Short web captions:
═══

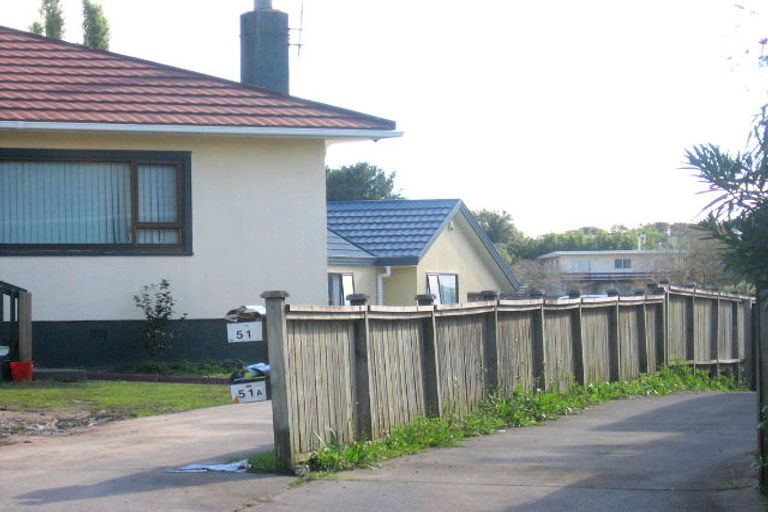 Photo of property in 51a Waimumu Road, Massey, Auckland, 0614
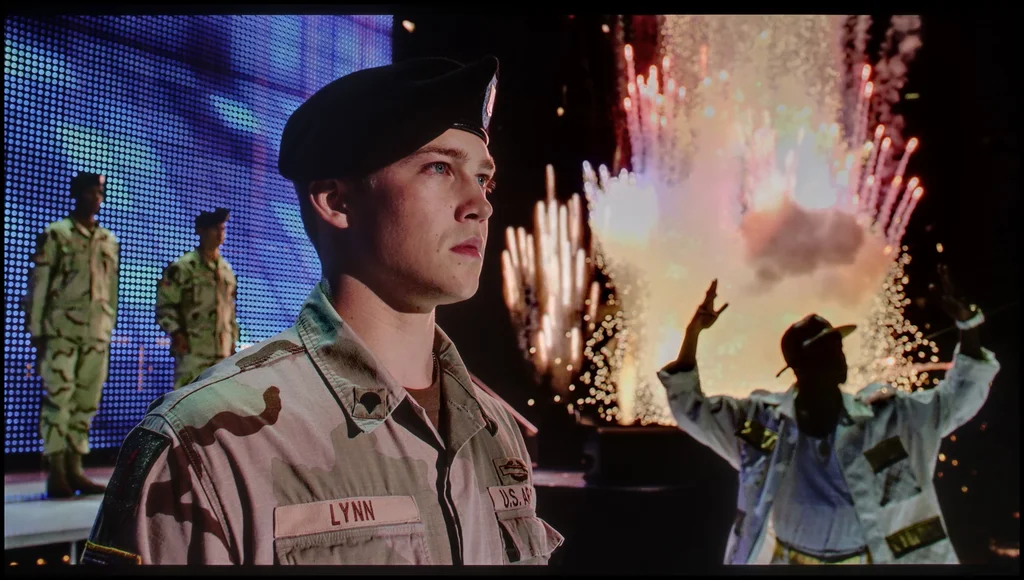 Review Samsung OLED S95D section HDR effect quality, scene “Billy Lynn”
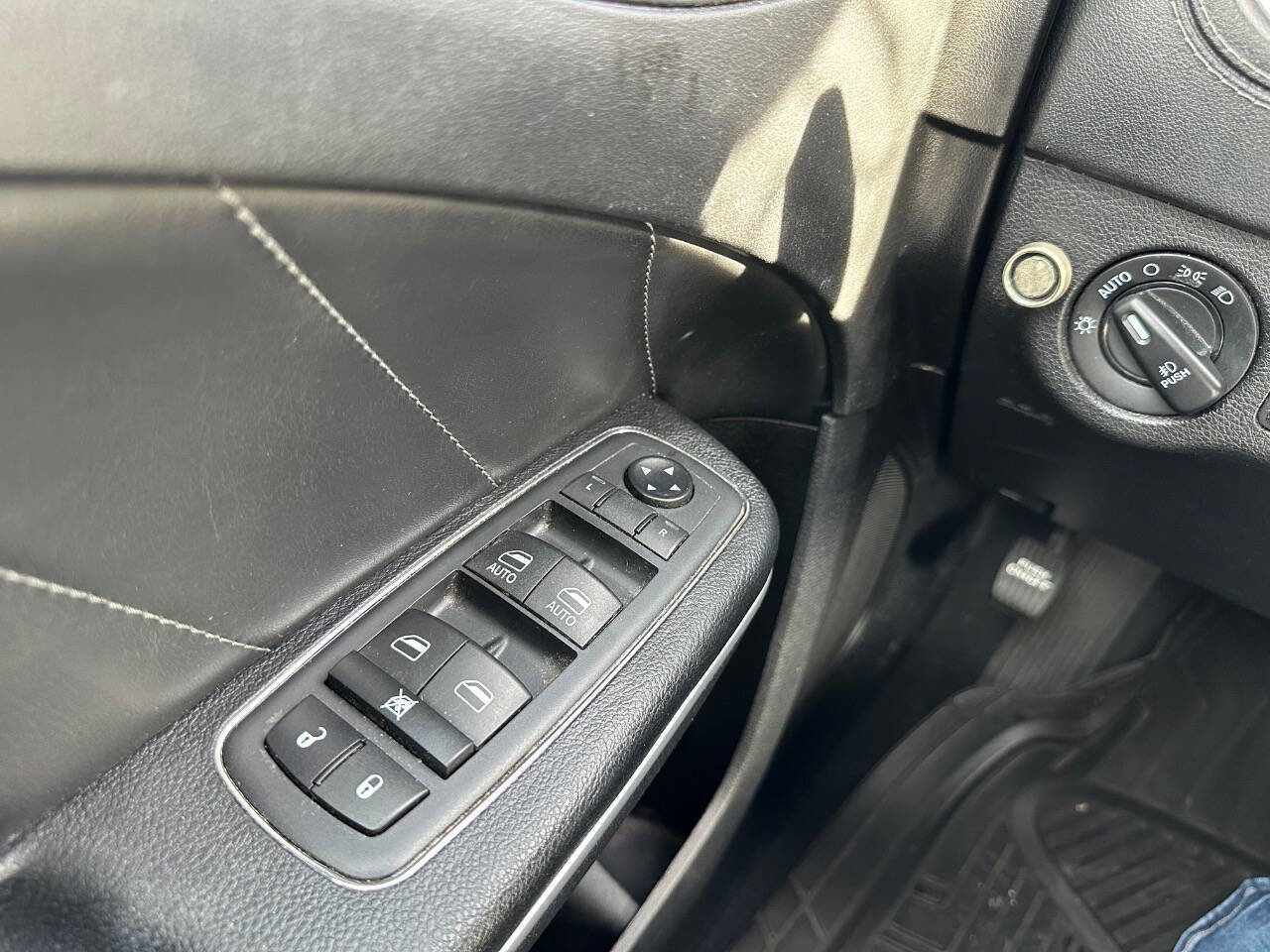 Used 2020 Dodge Charger SXT w/ Plus Group image 19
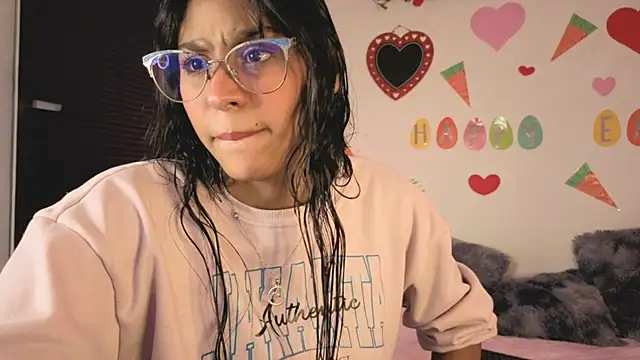 PaulaCutexs online show from 6, 4, 2026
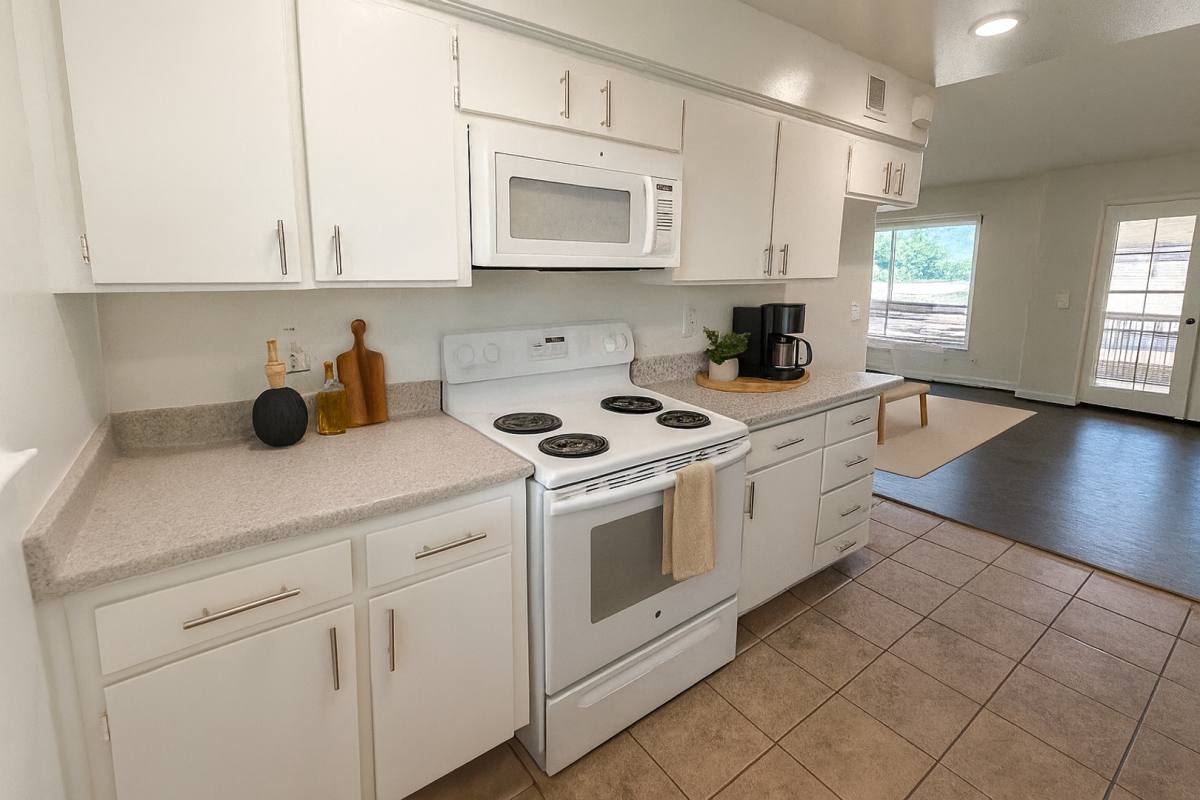 Apartment for rent at 8911-8923 Mays Ave, Garden Grove, CA 92844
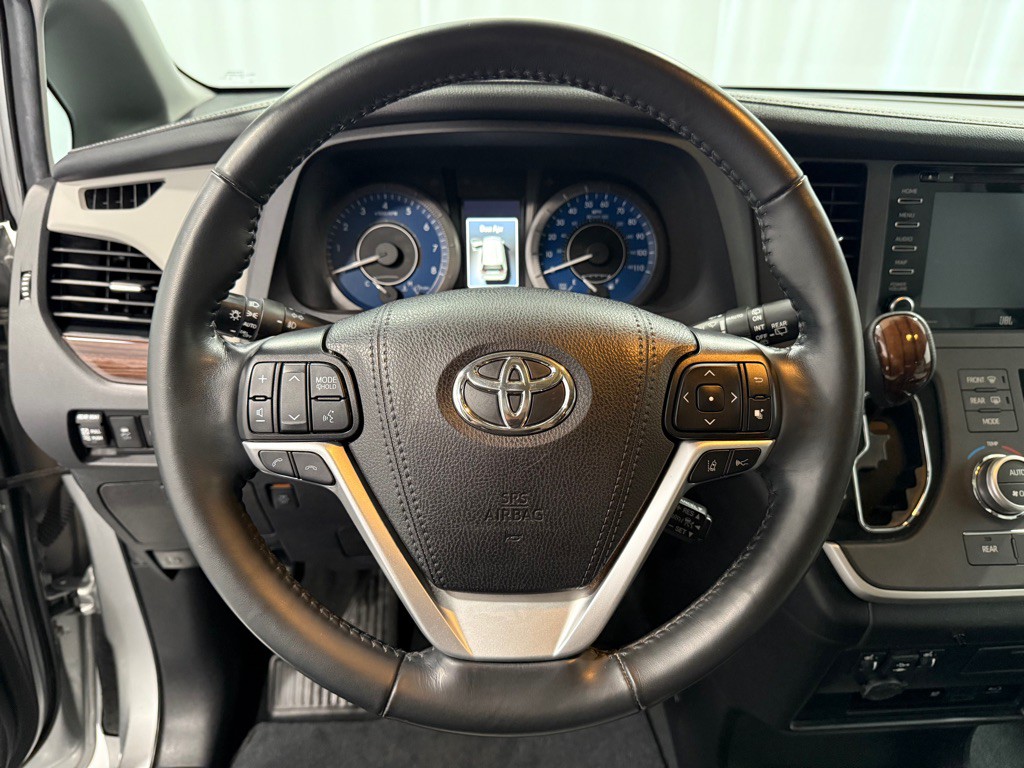 2020 Toyota Sienna Image 13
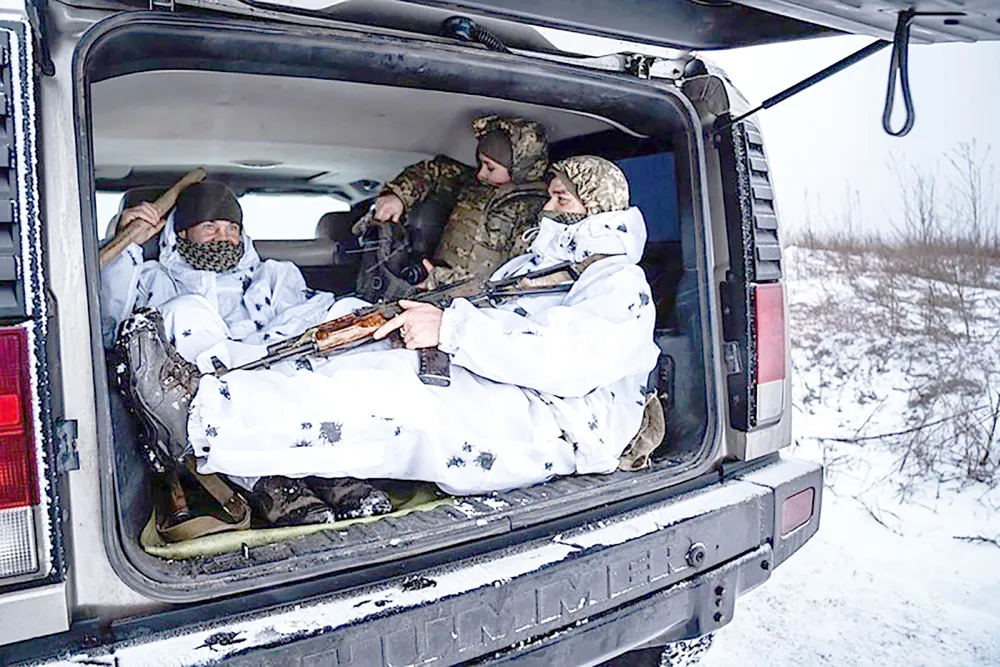 Tìm giải pháp giảm căng thẳng ở Ukraine ảnh 1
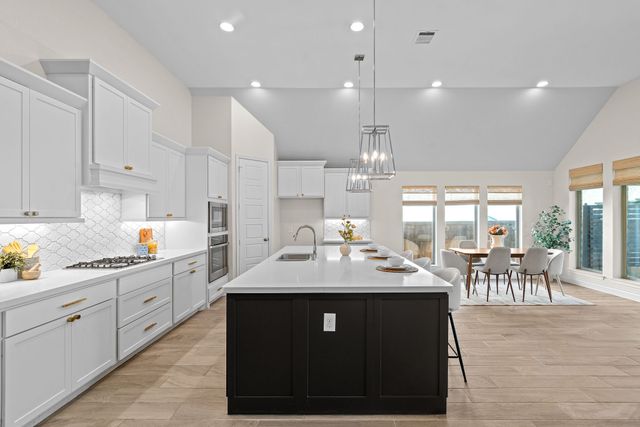 908 Quail Hollow Avenue, Denton, TX 76210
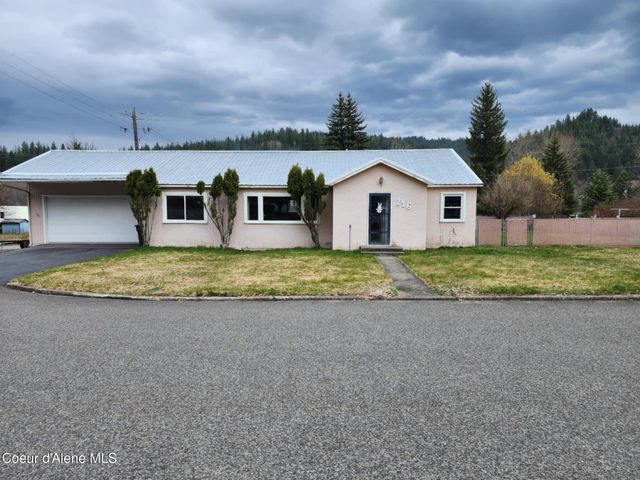 216 W Oak Ave, Osburn, ID 83849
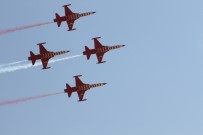 TÜRK YILDIZLARI - Türk Yıldızları 18 Yıl Sonra Yine Isparta Semalarında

═══

▶ _Your objective_: All records above are to be repeated exactly, with the images left out.

▶ _Reply to the task_:
 Photo of property in 51a Waimumu Road, Massey, Auckland, 0614
 Review Samsung OLED S95D section HDR effect quality, scene “Billy Lynn”
 Used 2020 Dodge Charger SXT w/ Plus Group image 19
 PaulaCutexs online show from 6, 4, 2026
 Apartment for rent at 8911-8923 Mays Ave, Garden Grove, CA 92844
 2020 Toyota Sienna Image 13
 Tìm giải pháp giảm căng thẳng ở Ukraine ảnh 1
 908 Quail Hollow Avenue, Denton, TX 76210
 216 W Oak Ave, Osburn, ID 83849
 TÜRK YILDIZLARI - Türk Yıldızları 18 Yıl Sonra Yine Isparta Semalarında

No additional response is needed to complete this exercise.